Son retour à Beyrouth était voulu. « J’avais des comptes à régler avec ce pays, explique-t-elle. Beyrouth est le prolongement de mon être. Cette connexion est viscérale. » Son public, qui va des curieux d’une vingtaine d’années aux professionnels de l’industrie, est attiré par sa capacité à transformer les repas en un voyage immersif qui suscite une réflexion. Des personnes comme Christina Assi, Andrea Bouez et des PDG de renom font partie des nombreuses personnes qui ont assisté à ses expériences stimulantes.

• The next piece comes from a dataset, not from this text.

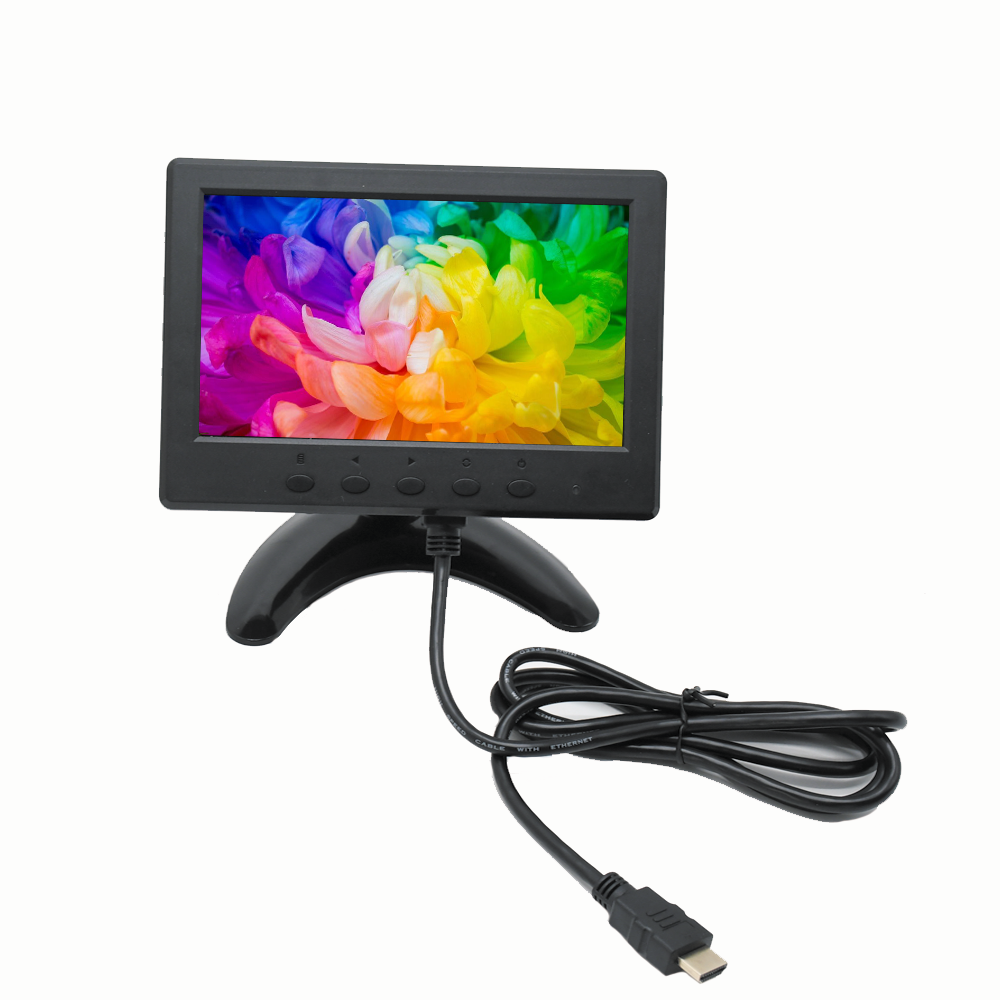 Mini Tv Car Lcd Reverse Rear View Monitor Factory Wholesale OEM Design Reversing 7 Inch LED Black for Business Desktop TFT 300:1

« Je ne suis pas très croyante, mais j’aspire à un rythme de vie qui me vient un peu de l’extérieur, explique enfin Amelia. Et si certains y parviennent grâce à la religion, je pense qu’on peut aussi y parvenir grâce à la lune (...). Le dîner nous a montré de nouvelles façons d’appréhender la lune et d’autres éléments de l’univers. » La soirée s’est achevée par une savoureuse infusion de thé à la fraise, servie pour « clore le cercle » – une métaphore finale pour une soirée dédiée aux cycles de la nature et humains, à la réflexion et à la connexion.
Le prochain événement de Yasmine Moufti « Digesting Chaos » aura lieu du 15 au 22 avril à Takeover Art Gallery.
Pour toute information : 71/248672.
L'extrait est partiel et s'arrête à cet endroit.